My original training is in mathematics. Before embarking on my PhD studies in mathematics education, I earned a masters degree in mathematics from UC Berkeley. I wrote my thesis "On fixed points for discrete logarithms" (see attached) under the direction of Carl Pomerance, then of Bell Labs. My advisor at UC Berkeley was Paul Vojta. The research project I wrote about in my thesis began as joint work together with Carl during two summer internships at Bell Labs I participated in as part of my fellowship for graduate studies in mathematics. This work was recently extended and published as a joint paper with Pomerance and Soundararajan in the Proceedings of the Ninth Algorithmic Number Theory Symposium (ANTS IX) as part of the Springer Lecture Notes on Computer Science Series.

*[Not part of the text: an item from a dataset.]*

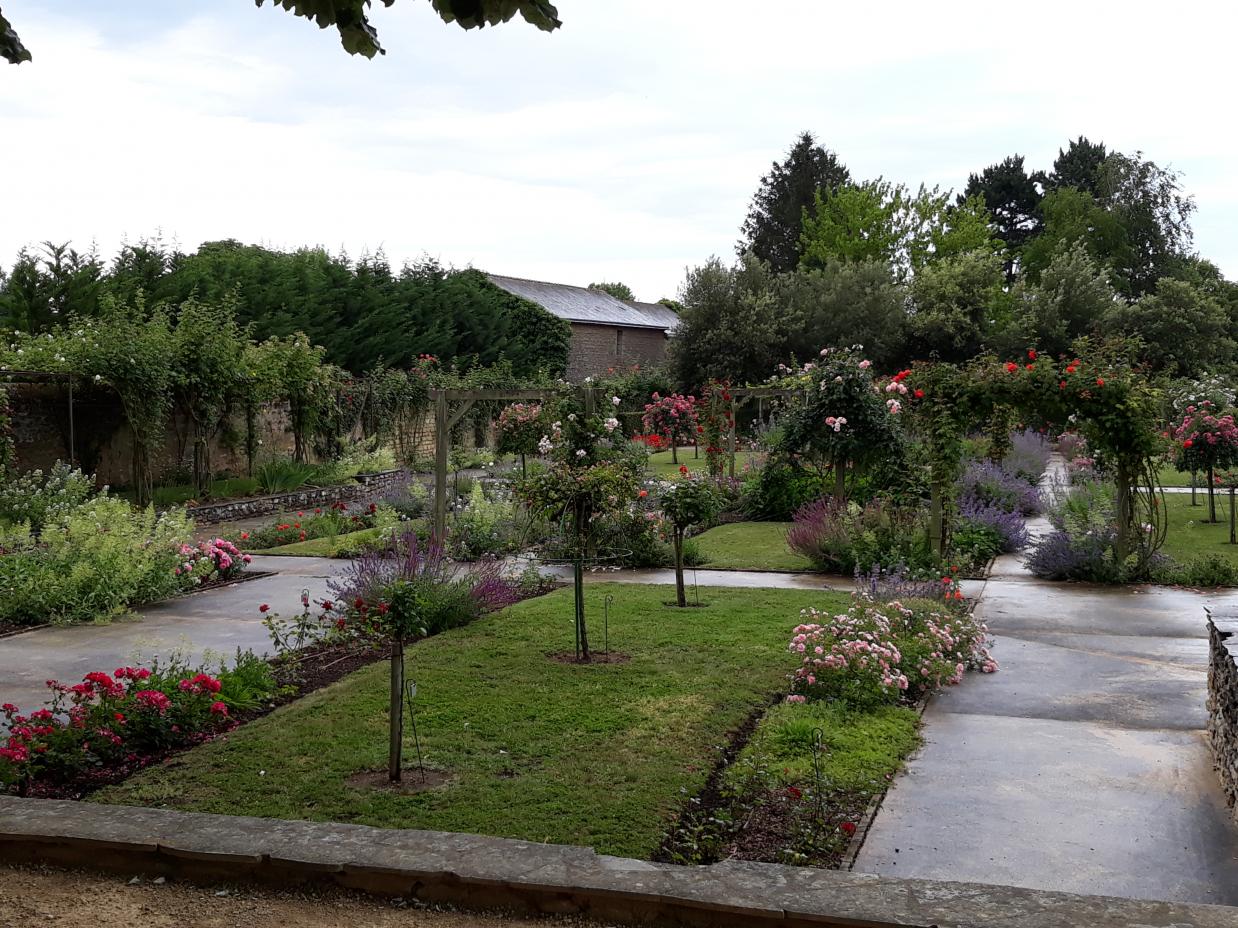 Roseraie Foulon (Val de Loire)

During my time as a math PhD student, I thought long and hard about how to use my skills and expertise to make a direct contribution to the lives of those around me. I got in contact with Alan Schoenfeld, a professor of mathematics and mathematics education at UC Berkeley, who became my mentor and future advisor. Together with researchers from UCLA and UW-Madison, Alan was just starting a new NSF-funded Center for Learning and Teaching: DiME (Diversity in Mathematics Education). It sounded like exactly the kind of opportunity I was looking for -- a chance to roll up my sleeves and concentrate on important social issues in the real world while still getting to use my training in mathematics.

My work with DiME introduced me to myriad issues in contemporary public education at multiple levels: structural, community, school, classroom and individual. The conversations I had with my DiME colleagues really stretched me to think about why we teach mathematics and what kinds of things we can do to help all children have access to and engage meaningfully with powerful mathematics. DiME was focused on equity issues as they play out in middle school mathematics classrooms in local school districts. The DiME project involved regular scholarly cross-campus seminars and writing efforts, in addition to our work with local middle school math teachers in their classrooms and in monthly professional development activities.

My research goals have taken shape through my doctoral training, especially through the Diversity in Mathematics Education (DiME), Algebra Teaching Study (ATS), and Research in Cognition and Mathematics Education (RCME) projects at UC Berkeley, as well as through my dissertation research on conceptual change and postdoctoral research on fostering productive disciplinary engagement.

The purposeful interplay between classroom studies and studies of individual cognition is one of the features of my ongoing research program. My dissertation work on conceptual change and strategy change emerged out of a comparative study of eighth grade algebra classrooms I was conducting in conjunction with my work on the Diversity in Mathematics Education Project at UC Berkeley, led by Dr. Alan Schoenfeld. The focus of my classroom study was on transitions to algebraic thinking and opportunities to learn algebra. I collaborated with and studied a single teacher in the context of two different algebra classes that she taught: one regular track and one low track. I explored the link between classroom discourse in the two classes and opportunities to learn the content of a particular strand of the curriculum: solving contextual algebraic tasks. I found that the mathematical discussions in the low-track class were of a qualitatively different nature, having significant implications for students’ future learning, despite the use of the same curricular materials (“A Tale of Two Algebras: Opportunities to Learn Algebra in Low Track Settings,” NCTM, 2010).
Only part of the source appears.